Proposals in the Queen’s speech today confirmed that local authorities will be required by law to rescue poor performing schools and intervene before standards reach critical levels.

This legislation has been widely anticipated prompted by an announcement by Schools Secretary Ed Balls back in June. Ed Balls declared that unless 638 low achieving schools improved their exam results they would either face closure or be turned into academies.

The responsibility to overlook the raising in school standards was then handed to local authorities. Ed Balls plan came as part of a £400m initiative to raise exam results after statistics revealed that fewer than 30% of pupils scored five Cs in their GCSEs.

The Schools Secretary said: “This Bill underlines our commitment to revolutionising the education system so that it delivers for all young people, whatever their interests or abilities. Local authorities will play a key role in making this happen as they are best placed to respond to the needs of young people locally.”

“These reforms will mean that delivery of learning and skills provision and other support to children and their families is locally owned, locally integrated and also accountable and responsive to individuals’ needs and choices. I am confident the new streamlined Young People’s Learning Agency will support local authorities as they make these reforms a reality.”

The Queen also confirmed other plans to reform the school system. England and Wales’ high achieving schools will face less Ofsted (the Office for Standards in Education, Children’s Services and Skills) inspections, allowing them to continue in their efforts without close scrutiny.

Ofqual will become the new exams regulator for maintaining standards and regulating the qualifications market, taking over from the Qualifications and Curriculum Authority (QCA). The Learning and Skills Council (LSC) is also to be replaced by the Young People’s Learning Agency, which will support local authorities to carry out their responsibilities for 16-19 year olds.

Not every one agrees however with the new proposals. Christine Blower, acting general secretary of the National Union of Teachers (NUT), said: “Promoting excellence in all schools is an aim we fully endorse. Who wouldn’t?
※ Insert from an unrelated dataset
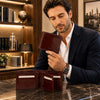 Man showcasing a Mens Leather Wallet Bifold made from premium Italian leather with card slots and ID window.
However, this will not be achieved by the draconian measures that are taken to tackle schools that fall short of inconsistent standards the Government decides makes a failing school.”

Also skeptical about the changes Liberal Democrat children’s spokesman David Laws described the bill as a ‘missed opportunity’. “This Bill is a hotch-potch of disconnected proposals thrown together to create an impression of momentum and direction which simply doesn’t exist” he remarked.